Erik Van der Meer examines how scientific knowledge is produced, validated, and institutionalized across disciplines. His writing explores the structure of modern science, the evolution of research norms, and the interaction between technology and scientific epistemology. He contributes reflective essays on science itself—bridging hard research and meta-level analysis.

Modified

LLM limitations stem from confusing probabilistic fluency with real causal reasoning
Hallucination and poor judgment arise because models generate a linguistic silhouette of reasoning, not true intelligence
High-stakes decisions require causal validation, not correlation masked as confidence

Large language models (LLMs) aren't merely facing minor problems; their shortcomings can seriously mess up the decisions we make. Recent checks on legal LLMs showed they made up stuff—called hallucinations—in about one out of six questions. When these LLMs tried to summarize information in science, they gave the wrong answer more than a third of the time. And it's not just old LLMs that are the issue; even the newest ones with better language skills sometimes confidently spout nonsense. We can't think of LLMs as having brains like us. They're basically just really good at spotting patterns and making lines that sound like they make sense. They can create a convincing picture of reasoning, but they don't actually understand why things happen. So if teachers, managers, and politicians treat these LLM-generated sentences as actual reasoning, they might confuse a guess for a fact. This mistake could cause them to change policies, school budgets, and how students learn in ways that are difficult to reverse. The major concern isn't just that LLMs sometimes lie; it's that they seem trustworthy while giving us no real way to check whether what they say is based on evidence, a random pattern, or simply echoes from their training data.
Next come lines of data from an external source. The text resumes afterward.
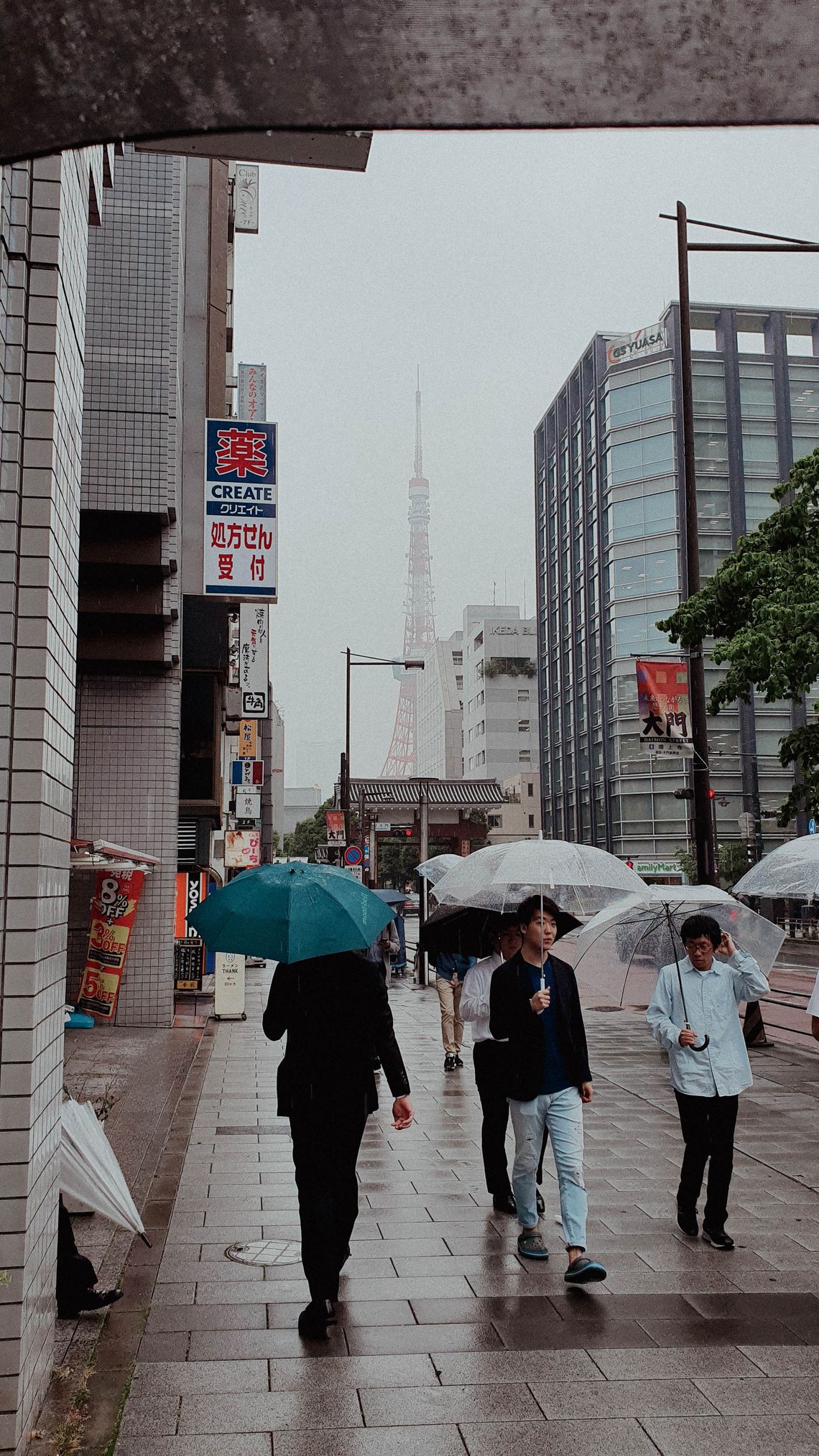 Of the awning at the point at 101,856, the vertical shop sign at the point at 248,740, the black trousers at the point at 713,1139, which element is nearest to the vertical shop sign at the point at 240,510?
A: the awning at the point at 101,856

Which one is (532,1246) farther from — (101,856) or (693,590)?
(693,590)

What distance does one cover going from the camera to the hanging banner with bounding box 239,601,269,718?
94.6ft

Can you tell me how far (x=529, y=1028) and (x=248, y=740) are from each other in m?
29.9

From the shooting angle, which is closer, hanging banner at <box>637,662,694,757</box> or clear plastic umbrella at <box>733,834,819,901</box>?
clear plastic umbrella at <box>733,834,819,901</box>

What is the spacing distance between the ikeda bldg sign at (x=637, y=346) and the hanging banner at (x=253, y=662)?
3866cm

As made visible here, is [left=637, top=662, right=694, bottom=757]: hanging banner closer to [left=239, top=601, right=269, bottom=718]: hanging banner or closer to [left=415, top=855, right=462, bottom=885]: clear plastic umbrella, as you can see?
[left=415, top=855, right=462, bottom=885]: clear plastic umbrella

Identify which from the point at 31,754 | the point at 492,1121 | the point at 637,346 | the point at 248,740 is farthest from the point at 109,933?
the point at 637,346

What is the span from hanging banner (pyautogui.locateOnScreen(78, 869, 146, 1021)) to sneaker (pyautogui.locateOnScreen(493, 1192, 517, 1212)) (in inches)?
345

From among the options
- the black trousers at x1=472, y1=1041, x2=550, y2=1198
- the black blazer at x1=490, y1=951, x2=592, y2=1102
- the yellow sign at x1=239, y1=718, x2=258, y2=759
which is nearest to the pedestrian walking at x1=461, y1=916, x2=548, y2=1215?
the black trousers at x1=472, y1=1041, x2=550, y2=1198

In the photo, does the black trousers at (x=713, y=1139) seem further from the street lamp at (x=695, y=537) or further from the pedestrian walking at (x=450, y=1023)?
the street lamp at (x=695, y=537)

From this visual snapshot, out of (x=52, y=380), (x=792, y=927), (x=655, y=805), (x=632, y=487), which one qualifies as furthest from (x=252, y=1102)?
(x=632, y=487)

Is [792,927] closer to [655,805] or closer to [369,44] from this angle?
[655,805]

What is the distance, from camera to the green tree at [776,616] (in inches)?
509

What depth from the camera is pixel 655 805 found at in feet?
199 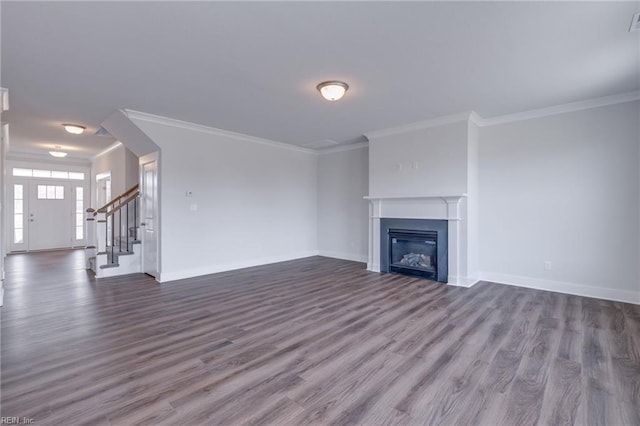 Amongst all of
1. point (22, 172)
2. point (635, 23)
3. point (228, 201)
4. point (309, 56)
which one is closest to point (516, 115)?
point (635, 23)

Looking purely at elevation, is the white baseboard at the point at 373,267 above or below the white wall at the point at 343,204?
below

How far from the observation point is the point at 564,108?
4.34 m

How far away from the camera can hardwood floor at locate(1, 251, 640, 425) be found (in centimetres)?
185

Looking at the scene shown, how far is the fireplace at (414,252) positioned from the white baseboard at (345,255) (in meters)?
1.25

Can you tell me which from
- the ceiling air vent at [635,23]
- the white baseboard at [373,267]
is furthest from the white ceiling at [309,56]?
the white baseboard at [373,267]

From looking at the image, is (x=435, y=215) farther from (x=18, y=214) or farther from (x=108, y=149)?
(x=18, y=214)

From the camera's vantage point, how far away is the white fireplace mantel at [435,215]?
4.80 meters

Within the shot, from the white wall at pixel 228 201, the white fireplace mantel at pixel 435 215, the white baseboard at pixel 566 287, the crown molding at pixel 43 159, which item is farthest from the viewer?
the crown molding at pixel 43 159

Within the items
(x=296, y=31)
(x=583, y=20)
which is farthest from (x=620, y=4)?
(x=296, y=31)

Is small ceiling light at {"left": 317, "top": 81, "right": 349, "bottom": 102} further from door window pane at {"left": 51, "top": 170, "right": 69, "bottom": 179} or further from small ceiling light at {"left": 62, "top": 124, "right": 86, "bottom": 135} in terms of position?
door window pane at {"left": 51, "top": 170, "right": 69, "bottom": 179}

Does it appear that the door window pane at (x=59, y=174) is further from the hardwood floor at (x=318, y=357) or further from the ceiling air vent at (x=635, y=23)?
the ceiling air vent at (x=635, y=23)

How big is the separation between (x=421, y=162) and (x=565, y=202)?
7.03 ft

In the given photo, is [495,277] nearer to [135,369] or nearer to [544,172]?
[544,172]

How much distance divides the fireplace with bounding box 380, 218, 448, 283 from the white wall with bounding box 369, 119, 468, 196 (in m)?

LLM Problems: False Info and Bad Decisions

One major problem with LLMs is pretty obvious: they make up stuff. They can invent facts, quotes, or stories that never happened. This isn't just stretching the truth; it's LLMs creating complete lies when they don't know the answer or get a confusing question.
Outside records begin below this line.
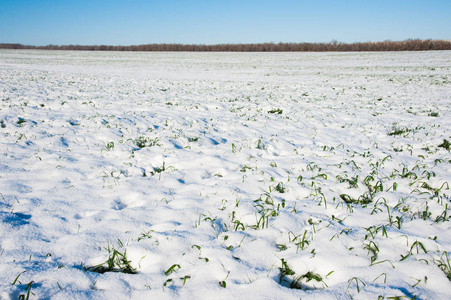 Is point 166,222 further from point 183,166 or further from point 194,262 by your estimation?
point 183,166

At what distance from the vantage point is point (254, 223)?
9.34 feet

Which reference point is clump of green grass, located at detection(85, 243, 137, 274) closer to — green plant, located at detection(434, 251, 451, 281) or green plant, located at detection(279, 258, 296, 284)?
green plant, located at detection(279, 258, 296, 284)

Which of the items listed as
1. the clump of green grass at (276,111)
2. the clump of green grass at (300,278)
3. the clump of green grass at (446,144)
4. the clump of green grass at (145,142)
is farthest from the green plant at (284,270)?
the clump of green grass at (276,111)

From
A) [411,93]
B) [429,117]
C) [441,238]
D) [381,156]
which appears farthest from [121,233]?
[411,93]

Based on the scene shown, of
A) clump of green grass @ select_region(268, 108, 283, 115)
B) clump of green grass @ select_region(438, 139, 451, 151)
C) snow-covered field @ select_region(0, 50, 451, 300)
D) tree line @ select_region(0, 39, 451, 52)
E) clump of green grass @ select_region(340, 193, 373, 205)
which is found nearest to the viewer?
snow-covered field @ select_region(0, 50, 451, 300)

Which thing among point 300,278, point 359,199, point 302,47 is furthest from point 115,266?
point 302,47

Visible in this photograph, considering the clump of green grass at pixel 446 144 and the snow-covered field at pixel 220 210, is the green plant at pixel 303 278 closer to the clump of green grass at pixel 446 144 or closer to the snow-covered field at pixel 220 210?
the snow-covered field at pixel 220 210

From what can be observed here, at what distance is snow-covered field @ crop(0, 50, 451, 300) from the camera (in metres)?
2.04

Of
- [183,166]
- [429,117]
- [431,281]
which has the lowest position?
[431,281]

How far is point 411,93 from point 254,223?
13552 millimetres

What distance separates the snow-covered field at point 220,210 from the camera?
2.04 m

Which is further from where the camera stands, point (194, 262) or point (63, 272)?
point (194, 262)

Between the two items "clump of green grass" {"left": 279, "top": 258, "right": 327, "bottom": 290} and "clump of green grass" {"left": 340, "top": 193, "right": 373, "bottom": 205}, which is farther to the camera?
"clump of green grass" {"left": 340, "top": 193, "right": 373, "bottom": 205}

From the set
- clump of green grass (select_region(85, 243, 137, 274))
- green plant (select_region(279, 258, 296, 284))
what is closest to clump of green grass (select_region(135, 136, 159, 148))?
clump of green grass (select_region(85, 243, 137, 274)) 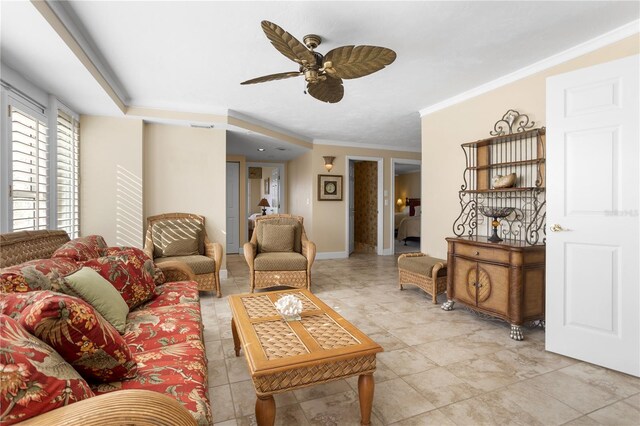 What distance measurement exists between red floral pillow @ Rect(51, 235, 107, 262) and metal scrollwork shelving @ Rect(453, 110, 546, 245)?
3.43 meters

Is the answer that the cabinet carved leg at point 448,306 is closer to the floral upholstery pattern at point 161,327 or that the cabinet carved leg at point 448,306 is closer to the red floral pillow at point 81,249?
the floral upholstery pattern at point 161,327

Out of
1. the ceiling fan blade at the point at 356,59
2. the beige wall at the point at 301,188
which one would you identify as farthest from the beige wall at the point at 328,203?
the ceiling fan blade at the point at 356,59

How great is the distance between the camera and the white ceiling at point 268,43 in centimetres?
208

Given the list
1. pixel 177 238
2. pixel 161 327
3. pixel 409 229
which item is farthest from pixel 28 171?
pixel 409 229

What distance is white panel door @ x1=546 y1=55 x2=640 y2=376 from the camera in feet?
6.66

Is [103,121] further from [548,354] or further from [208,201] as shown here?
[548,354]

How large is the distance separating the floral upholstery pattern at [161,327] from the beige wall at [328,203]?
4416 millimetres

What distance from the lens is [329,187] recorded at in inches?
253

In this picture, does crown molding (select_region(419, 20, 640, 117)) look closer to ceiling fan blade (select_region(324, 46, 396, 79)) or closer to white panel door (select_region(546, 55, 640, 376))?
white panel door (select_region(546, 55, 640, 376))

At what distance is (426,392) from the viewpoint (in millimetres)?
1840

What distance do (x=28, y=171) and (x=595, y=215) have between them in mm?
4440

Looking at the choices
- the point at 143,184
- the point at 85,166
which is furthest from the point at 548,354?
the point at 85,166

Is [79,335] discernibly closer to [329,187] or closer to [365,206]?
[329,187]

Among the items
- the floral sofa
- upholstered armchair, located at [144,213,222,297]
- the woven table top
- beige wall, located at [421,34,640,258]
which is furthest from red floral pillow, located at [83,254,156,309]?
beige wall, located at [421,34,640,258] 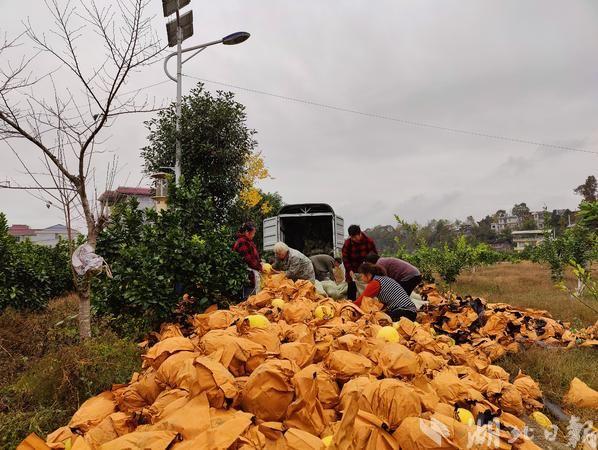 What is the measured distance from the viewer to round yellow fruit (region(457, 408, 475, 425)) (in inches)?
94.8

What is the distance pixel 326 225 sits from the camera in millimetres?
11086

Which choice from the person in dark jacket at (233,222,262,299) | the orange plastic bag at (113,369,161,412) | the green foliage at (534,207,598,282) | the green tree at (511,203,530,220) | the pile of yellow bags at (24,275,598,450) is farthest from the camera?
the green tree at (511,203,530,220)

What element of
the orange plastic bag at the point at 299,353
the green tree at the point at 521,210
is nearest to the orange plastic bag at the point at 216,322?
the orange plastic bag at the point at 299,353

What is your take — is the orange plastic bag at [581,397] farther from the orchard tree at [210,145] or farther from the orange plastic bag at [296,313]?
the orchard tree at [210,145]

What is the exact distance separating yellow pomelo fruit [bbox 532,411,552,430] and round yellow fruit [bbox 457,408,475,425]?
0.83 meters

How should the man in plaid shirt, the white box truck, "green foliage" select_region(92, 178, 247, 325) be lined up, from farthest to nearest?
the white box truck < the man in plaid shirt < "green foliage" select_region(92, 178, 247, 325)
The other problem is more complex: poor judgment. An LLM might give an answer that appears correct because it has identified a strong pattern in its training data. But it doesn't really understand why that answer makes sense. The answer appears to be based on reasoning, but it's really just a superficial match of patterns from large amounts of text. This can obscure major errors in how LLMs infer cause and effect and assess risk. This is risky for teachers and politicians who must consider different options. An LLM might suggest a textbook, change the order of classes, or try out a new teaching method just because those things often appear together in texts with certain results. That's just spotting a pattern, not understanding the real cause. If decisions are made like that, money could be wasted and students could be harmed.

Figure 1: LLMs optimize for statistical association, while institutional decisions require causal validation.
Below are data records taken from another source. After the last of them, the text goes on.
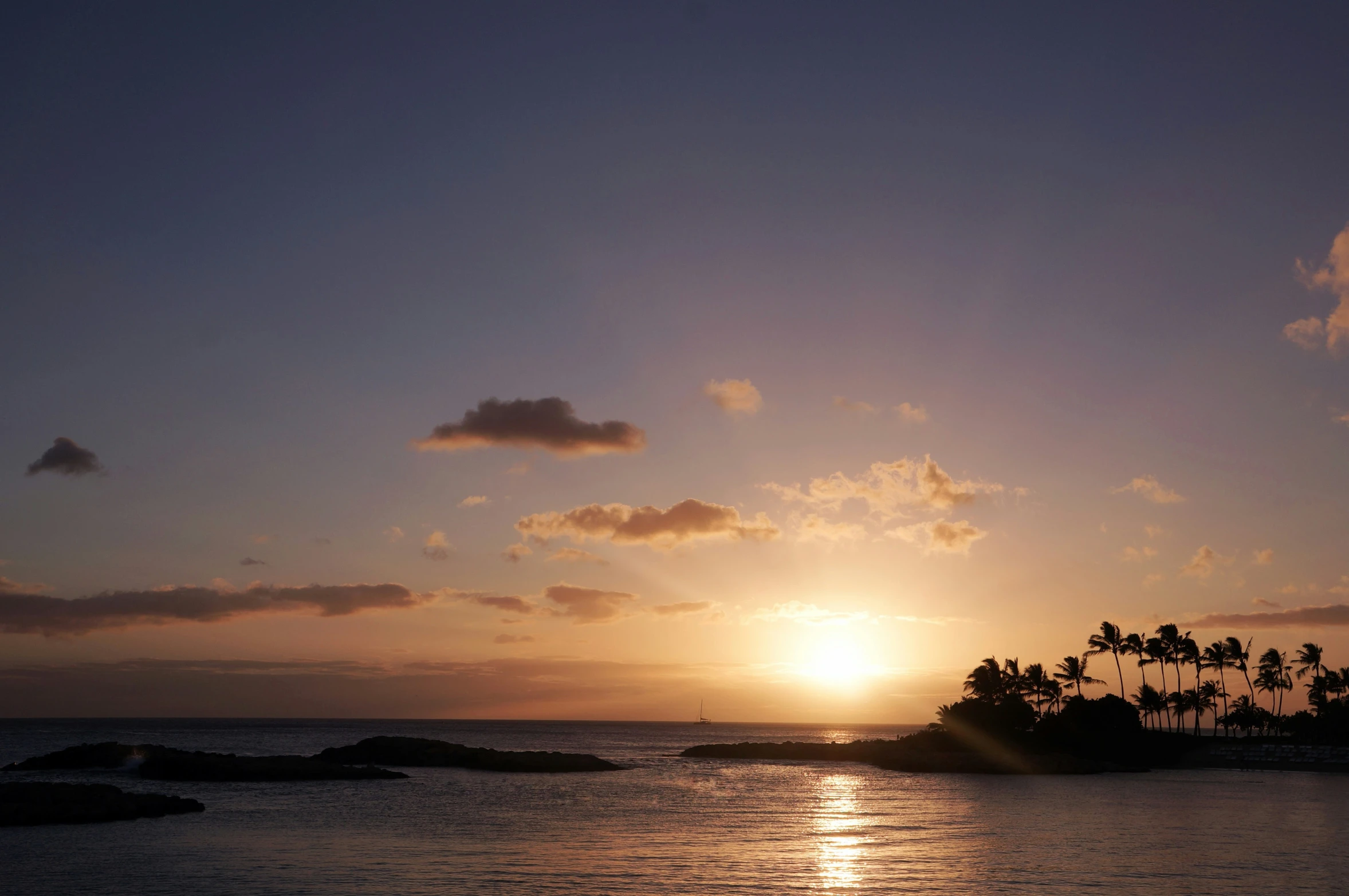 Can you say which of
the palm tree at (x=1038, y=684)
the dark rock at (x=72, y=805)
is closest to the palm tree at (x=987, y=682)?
the palm tree at (x=1038, y=684)

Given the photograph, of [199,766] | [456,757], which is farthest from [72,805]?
[456,757]

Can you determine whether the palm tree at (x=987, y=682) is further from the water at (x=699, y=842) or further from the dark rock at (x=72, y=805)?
the dark rock at (x=72, y=805)

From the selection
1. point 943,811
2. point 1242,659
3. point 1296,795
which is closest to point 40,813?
point 943,811

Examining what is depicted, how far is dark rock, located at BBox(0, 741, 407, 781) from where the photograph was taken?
95125 mm

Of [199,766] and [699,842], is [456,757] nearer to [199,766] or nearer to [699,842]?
[199,766]

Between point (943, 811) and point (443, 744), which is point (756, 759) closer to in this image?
point (443, 744)

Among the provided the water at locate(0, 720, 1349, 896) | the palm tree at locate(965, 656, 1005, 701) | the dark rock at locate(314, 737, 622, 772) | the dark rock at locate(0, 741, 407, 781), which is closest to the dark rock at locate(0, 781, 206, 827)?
the water at locate(0, 720, 1349, 896)

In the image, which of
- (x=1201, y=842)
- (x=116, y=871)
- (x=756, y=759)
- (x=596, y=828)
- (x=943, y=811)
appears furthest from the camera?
(x=756, y=759)

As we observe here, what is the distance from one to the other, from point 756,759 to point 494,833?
110347mm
The difference between these two problems is important because we need different solutions for each. We can reduce made-up information by having LLMs rely on verified sources, check quotes, and warn us when they're unsure about something. But bad judgment needs way more work: experiments, tests to find the real cause, and checks by real people. But many places just insert a quote or a disclaimer to the LLM's answer and think they've fixed both problems. That only deals with the surface issue, not the deeper problem. Giving LLMs access to more info will reduce made-up stuff, but it won't turn a pattern into real understanding.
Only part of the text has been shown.